Posted in Commentary, Hurricane Anomalies, Hurricane Records, Tracking the Tropics at 10:57 pm by gmachos

Hurricane Sandy Highlights Big Month In Atlantic

Statistically speaking, the Atlantic Hurricane Season usually begins to ramp down in late October, but not this year. Over just the past few days, there have been two named storms with one of them becoming a strong hurricane. The development of Sandy and Tony have capped what has been quite an active October for the Tropical Atlantic. With six days left in the month, there have been five named storms and two hurricanes.

While October does have a second peak in tropical activity towards the middle of the month, the chances of storms and hurricanes does diminish. The peak of the season usually occurs in August and September, and perhaps the first week or so of October. The 2012 season has been an unusual one though with 19 named storms and 10 hurricanes, but only one major hurricane. Looking deeper into the numbers, August had 8 named storms and 5 hurricanes. September only had two named storms and hurricanes with one of them being the only major storm of the year in Michael.
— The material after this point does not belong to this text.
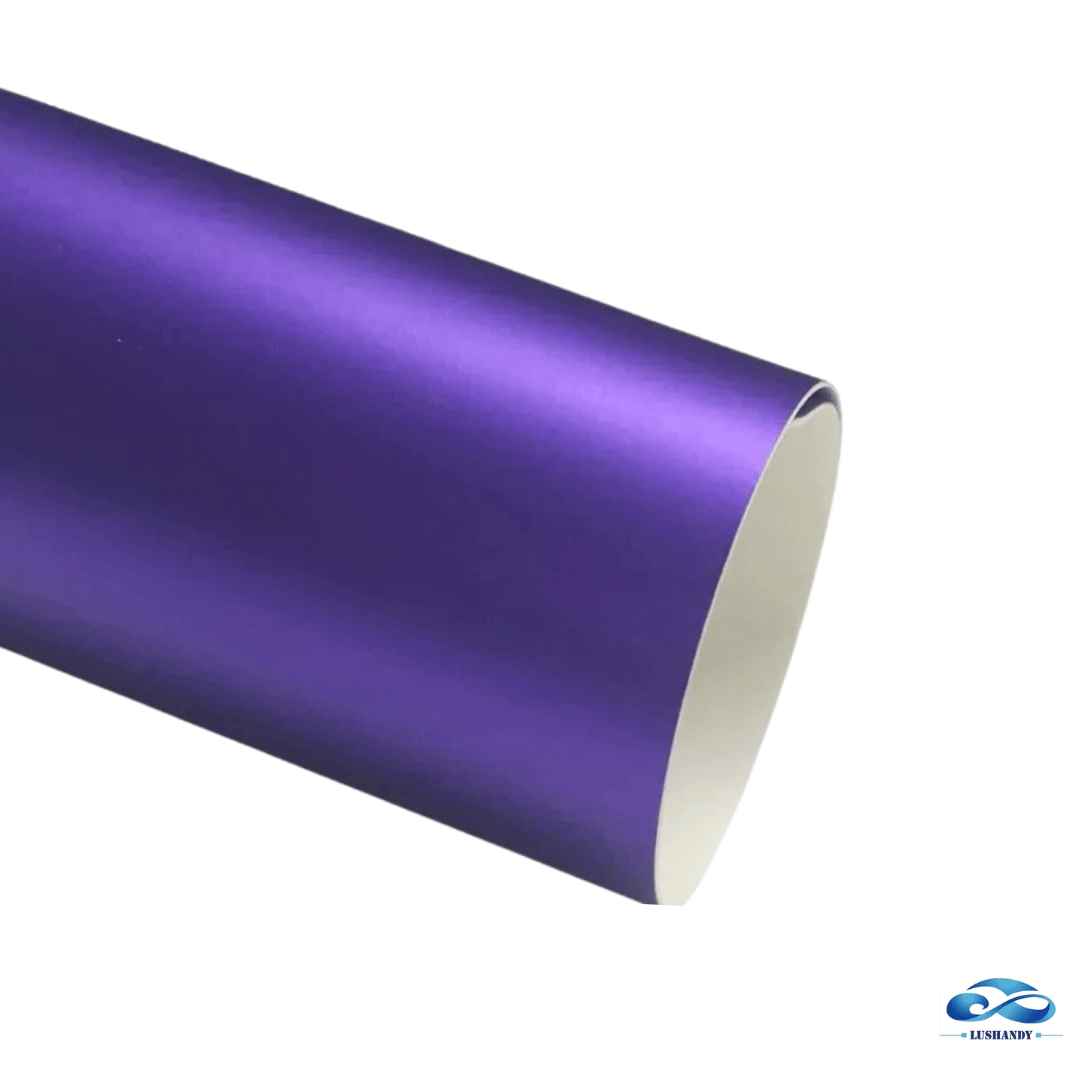 Rollo Vinilo Cromo Mate En Morado, Azul Y Fucsia Para Auto 1.52x18Mts Rollo Vinilo Cromo Mate En Morado, Azul Y Fucsia Para Auto 1.52x18Mts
This October was more active than September was with Rafael and Sandy being the month’s hurricanes. Most of the storms this month have been benign such as Oscar, Patty, and Tony. Rafael did go through the Windward Islands with a blow, and came close to Bermuda. Sandy could make this a memorable October by tropical standards if she lives up to her potential. Not since the Perfect Storm in 1991, has there been such a powerful storm to threaten the Northeast. Keep in mind that the Perfect Storm also didn’t make landfall anywhere. Accompanied by astronomical high tides, an approaching cold front, and a strong dip in the jet stream, what is left of Sandy could make an indelible mark on the Mid-Atlantic and Northeast for years to come. The 2012 season has been unusual throughout with October only being the latest example.
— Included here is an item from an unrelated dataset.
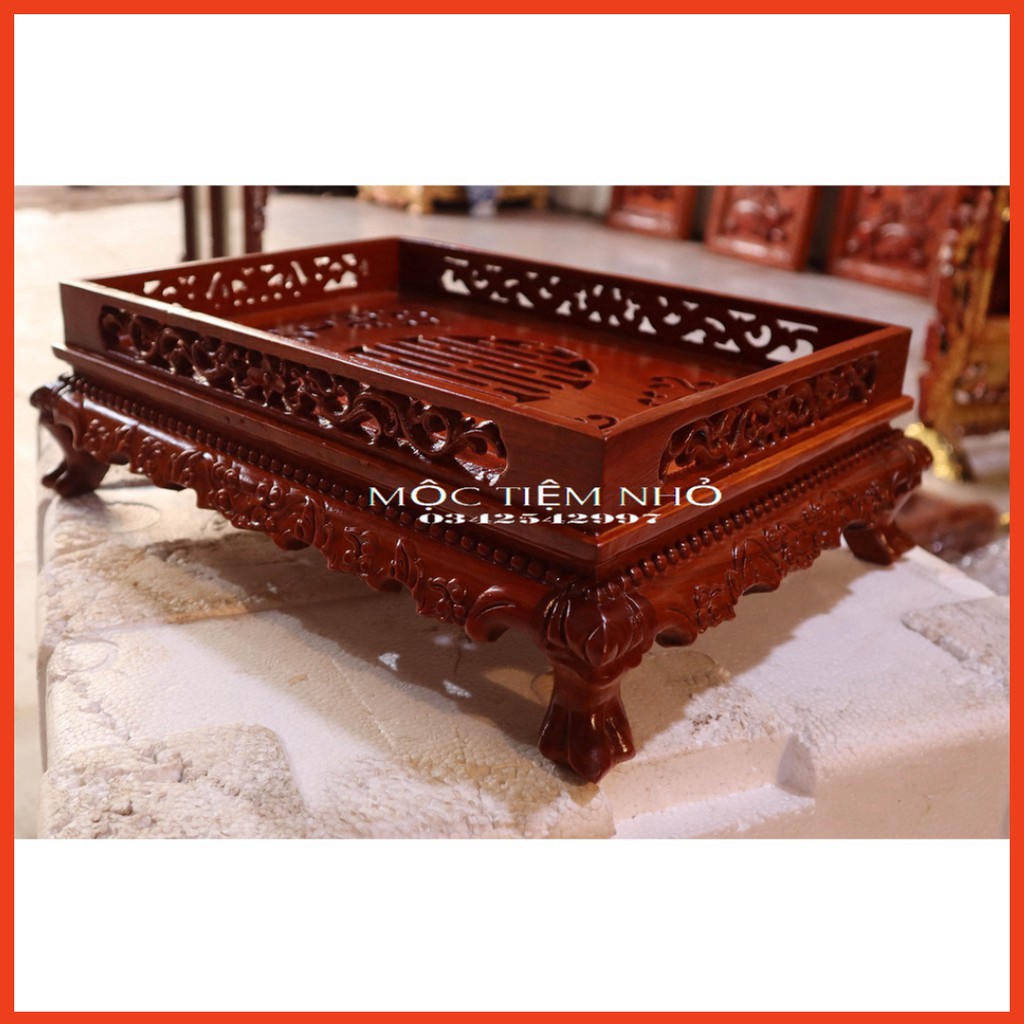 Khay Trà Chân Qùy Bằng Gỗ Hương - cao cấp sang trọng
Despite being an unusually quiet month by Atlantic tropical standards, September did produce Hurricane Nadine, which was one of the longest lasting storms on record at 23 days. In that same month, Michael became the strongest storm of the season at minimal Category Three intensity with 115 mile per hour winds, the weakest major hurricane in a season since 1994. Among those eight storms and five hurricanes in August was Hurricane Isaac, the first landfalling hurricane in the United States since Hurricane Ike in 2010. Isaac was also unique in the sense that it was a powerful Category One storm with a minimum central pressure on the order of a strong Category Two system. Isaac ended up hitting the extreme southern parishes of Louisiana harder than the devastating Hurricane Katrina did. The 2012 season was supposed to be average to below average. Instead, it has defied the odds, and provided some interesting trivia.
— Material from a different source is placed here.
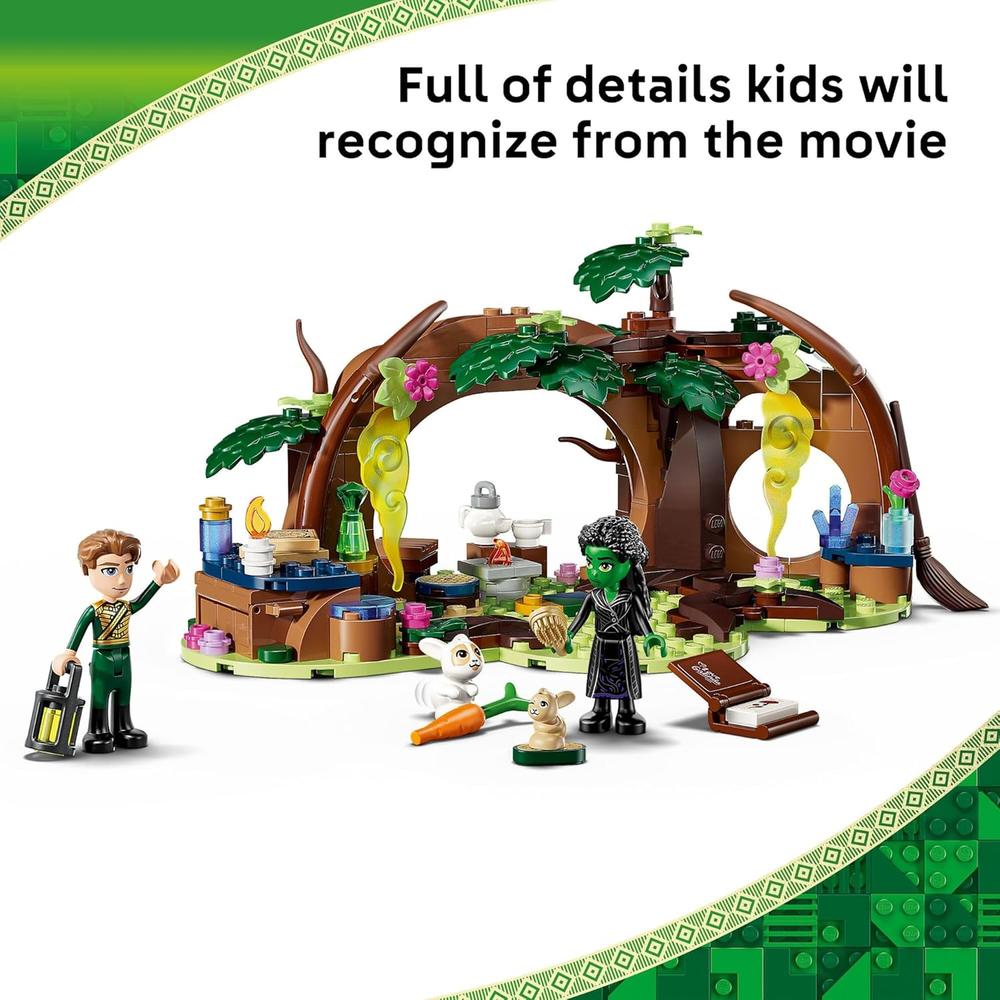 LEGO REFUGIO DE LA MALVADA ELPHABA, CONSTRUCCIÓN CON FIGURAS Y AMIGOS DEL BOSQUE - 3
The season began prematurely with two storms in late May, and two more in the first month of the season for four by the end of June. Things appeared to return to normal with none in July, which was still unusual in the sense that during this active stretch from 1995 until now, there always has been some sort of storm to develop in July. However, by the end of August, there was the second fastest J and L storms. Then, there was a quiet September followed by a busy October. For a while, the 2012 season challenged the historic 2005 season in terms of the number of named storms. It has equaled the mark for named storms, and almost has the same number of hurricanes as the 1995 season did.

There is still a bit more than a month left in this unusual season. Could more surprises be on the way? With how this season has gone so far, I wouldn’t be startled in the least if more were to occur.